Next he sent an e-mail to Alan Sokal—he of the infamous 1990s hoax in Social Text—a professor of physics at New York University and a man who enjoys poking the softer sciences in their softest spots, to see if he was intrigued. Of course he was. Brown, Sokal, and Harris Friedman, a professor of psychology at the University of Florida, put together a paper, published in July in American Psychologist, dissecting the 2005 paper by Fredrickson and Losada. They concluded that it had been “based on a series of erroneous and, for the most part, completely illusory ‘applications’ of mathematics.” They titled their takedown “The Complex Dynamics of Wishful Thinking.” The paper doesn’t just assert that errors were made, though it does assert that. It argues that the authors concocted a transparently ridiculous fiction.

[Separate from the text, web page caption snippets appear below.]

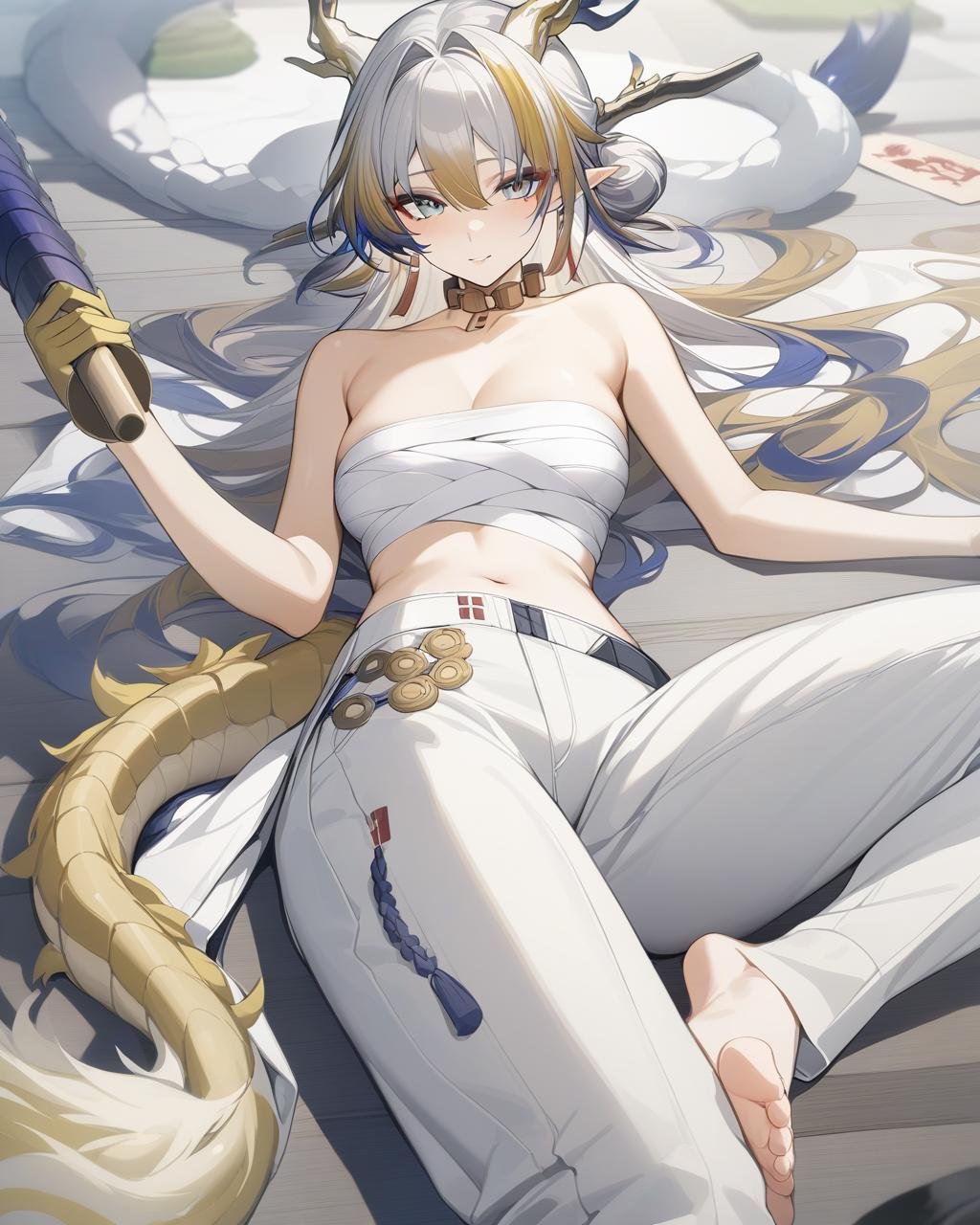 masterpiece,best quality,game cg,<lora:shu_new:1>,1girl, solo, barefoot, tail, looking at viewer, tube top, gloves, bare shoulders, strapless, breasts, white pants, pants, lying, holding, scroll, on side, choker, collarbone, official alternate costume, midriff, sarashi, jewelry, dragon tail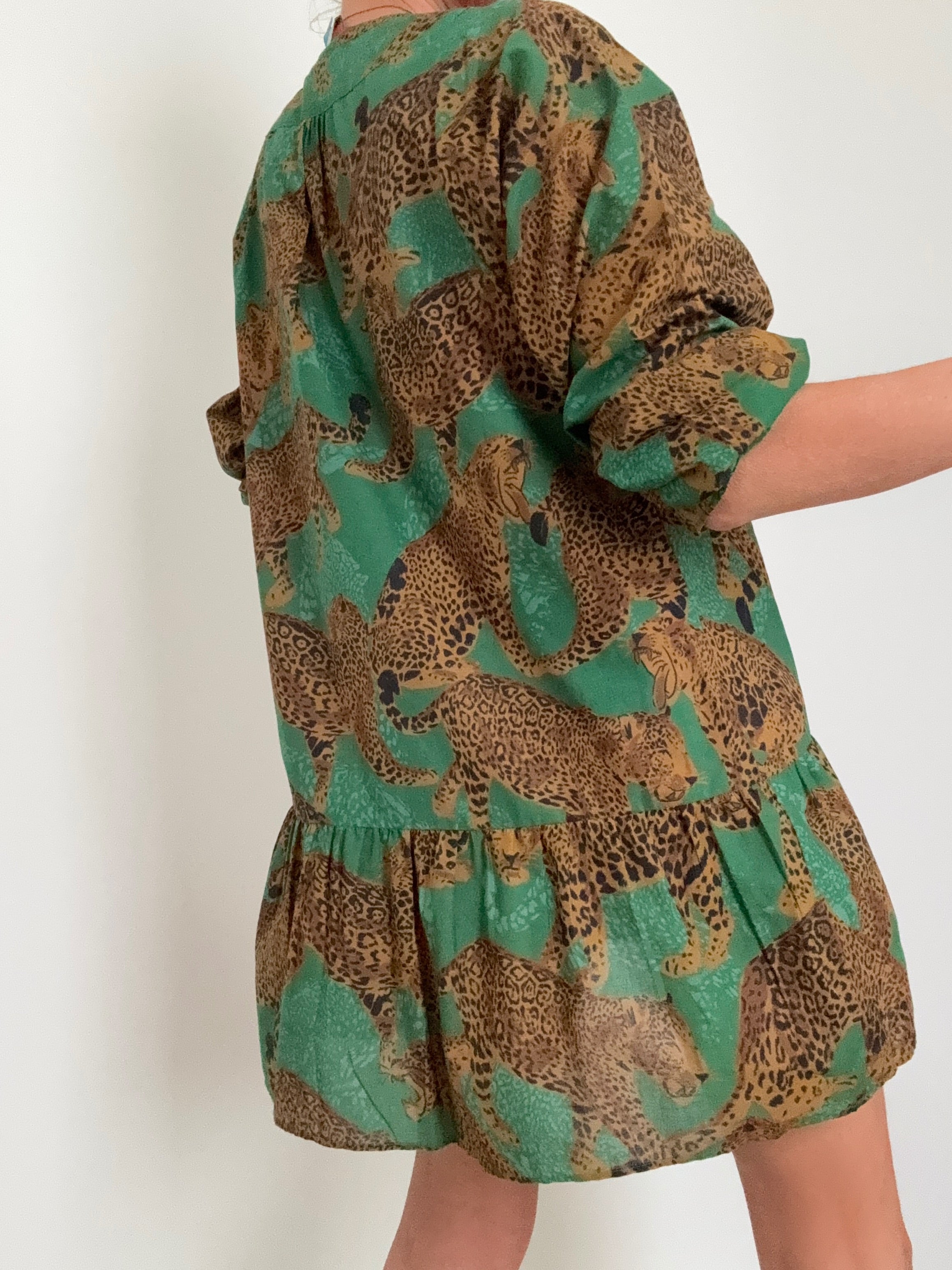 Farm Rio Dresses Farm Rio Artsy Leopard Mini Dress Green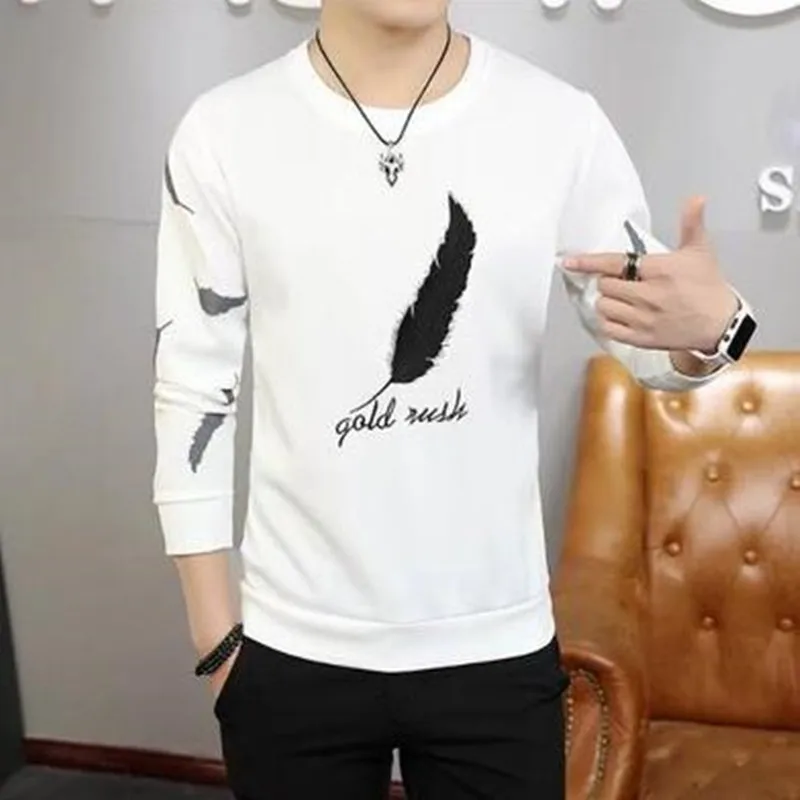 Мужской свитер с принтом перьев и круглым вырезом тонкий пуловер куртка футболка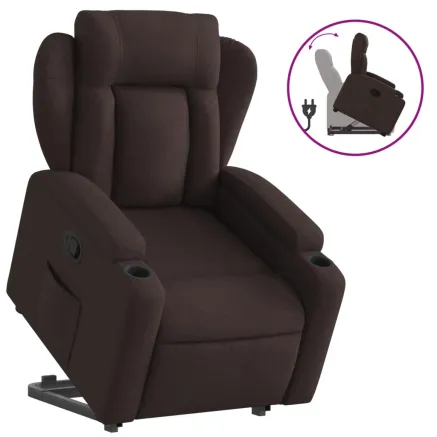 Fauteuil inclinable marron foncé tissu 2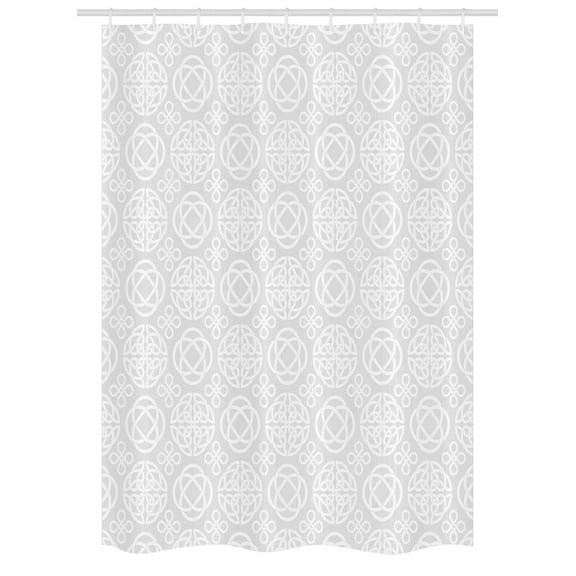Celtic Stall Shower Curtain, Tribal Celtic Knots Eternity Forms Pattern Boho Ireland Irish Cross Floral Artprint, Fabric Bathroom Set with Hooks, 54W X 78L Inches, Grey White, by Ambesonne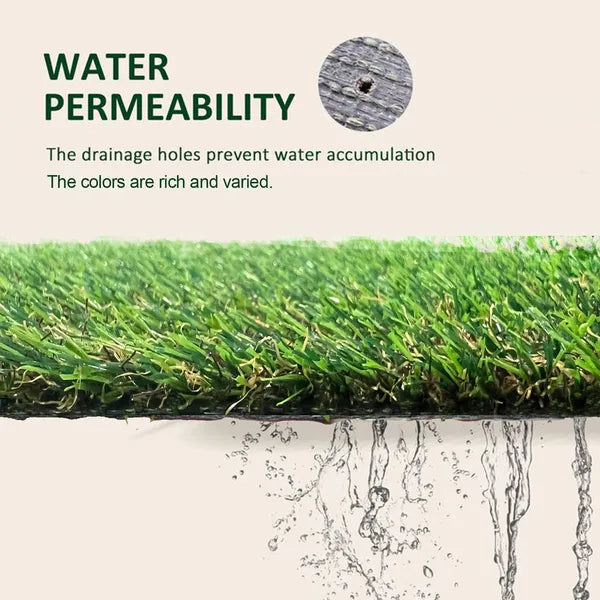6.5ft X 15ft Artificial Turf 0,8' Mat avec trous de drainage. Faux gazon avec du caoutchouc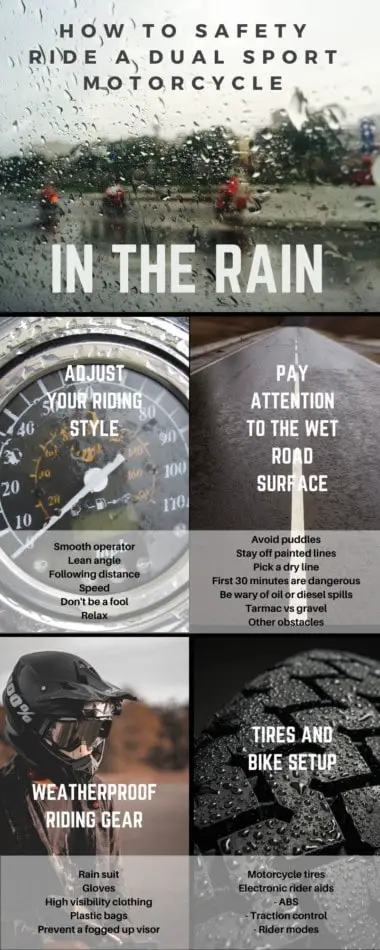 Tips on how to safely ride a dual sport motorcycle in the rain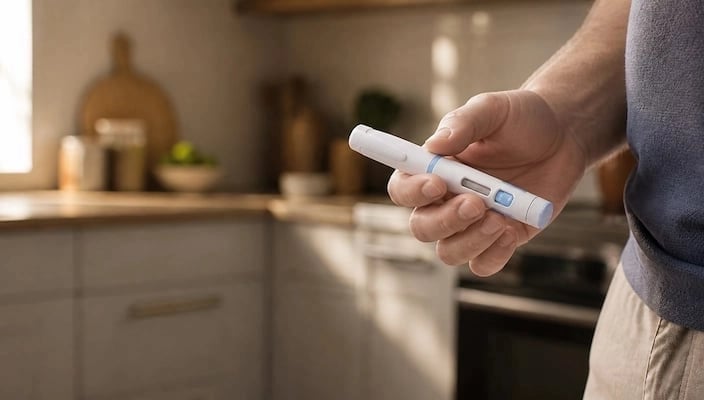 Homme tenant un stylo injectable dans une cuisine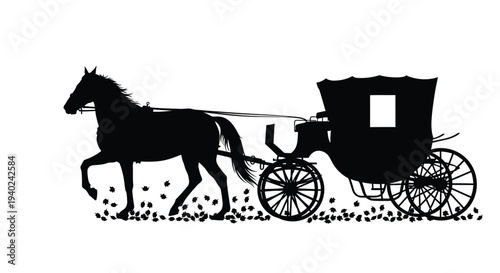 Elegant horse drawn carriage depicted in a striking black silhouette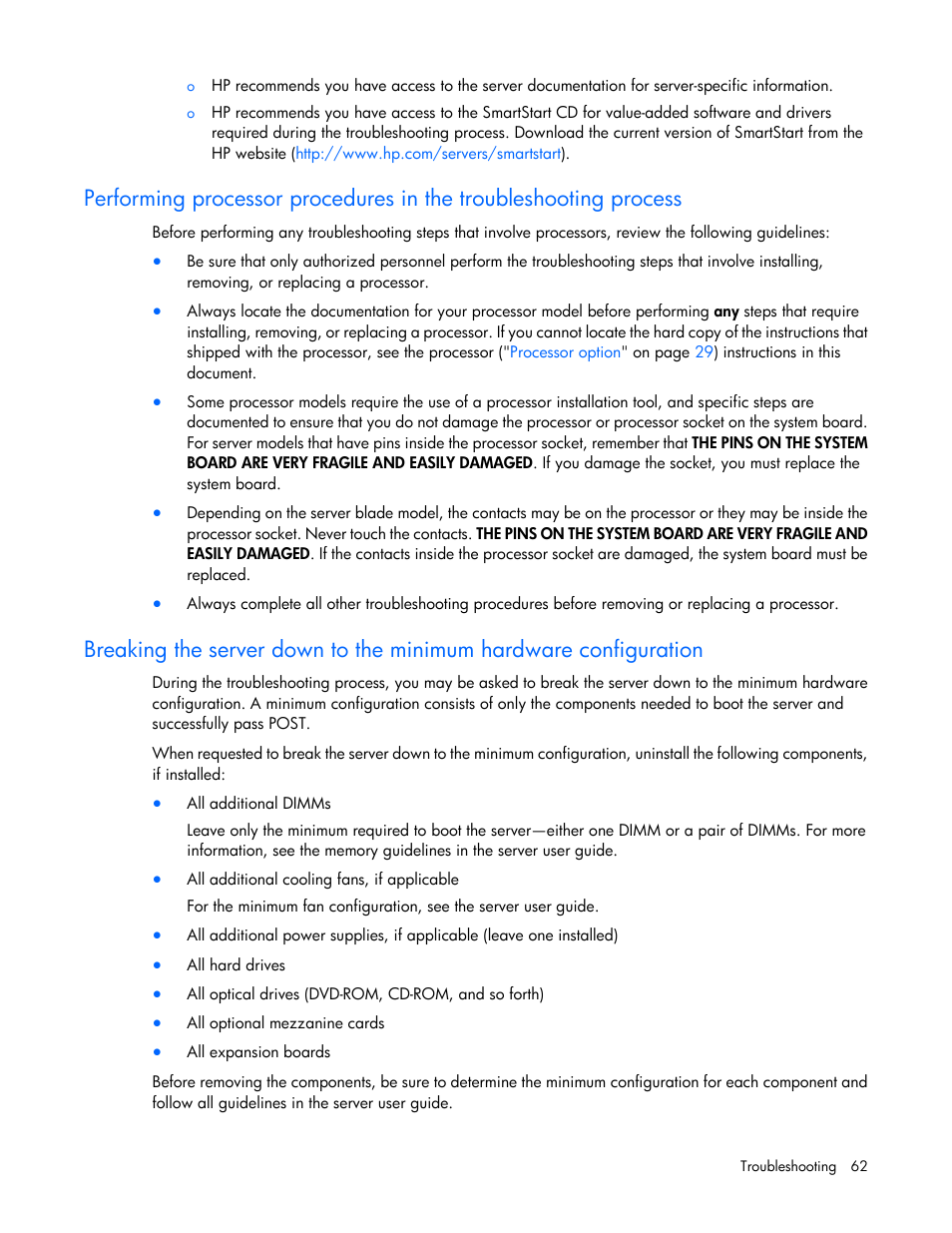 HP ProLiant BL490c G6 Server-Blade User Manual | Page 62 / 100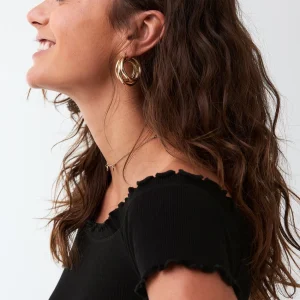acheter en ligne Gina Tricot Cara Off Shoulder Top Black 6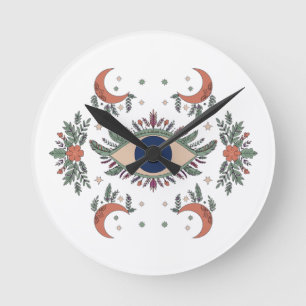 Mystic evil eye and crescent moon celestial round clock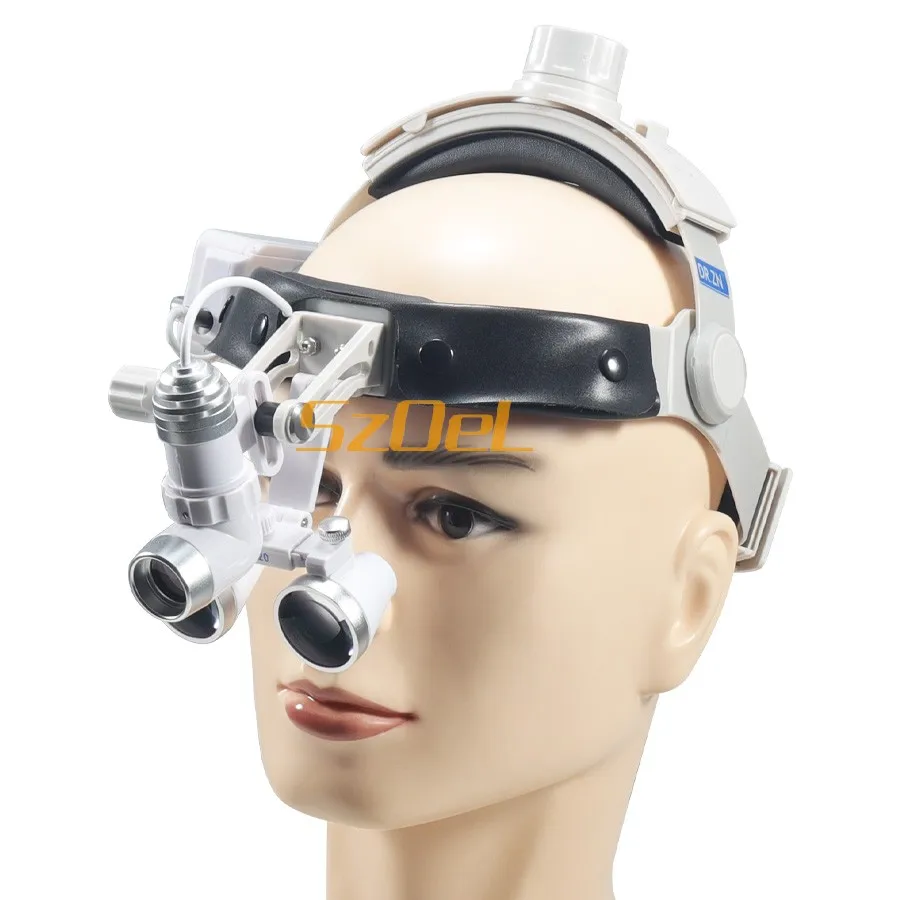 Dental Head Mounted Loupe, Binocular Loupe, with 5W High Brightness Spotlight, Shadowless Light, Suitable for Multiple Occasions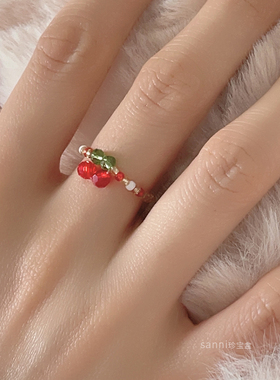 温暖少女感水晶樱桃串珠戒指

HERE I BREAK FOR MY OWN COMMENTS:


Neal L. Tolchin's MOURNING, GENDER, AND CREATIVITY IN THE ART OF HERMAN MELVILLE based a chapter on a grotesque mistranscription of a letter by Melville's mother about TYPEE. This is what I said in MELVILLE BIOGRAPHY: AN INSIDE NARRATIVE:


The first readers, you think, would have done a little spot verifying of Tolchin's transcriptions and then would have hooted the book out of libraries? That did not happen. No one at Yale University Press (Yale, just as Feidelson was retiring from the English department), no reader for the press, no reviewer or critic (conspicuously not Andrew Delbanco) checked any of Tolchin's transcriptions from manuscripts. It did not matter at all that Tolchin had built a whole chapter on a fantastic misreading of Maria Melville's handwriting, and that, of course, according to the theory of organic unity he had to argue that the falsely-conceived chapter was built into and affected the entire book.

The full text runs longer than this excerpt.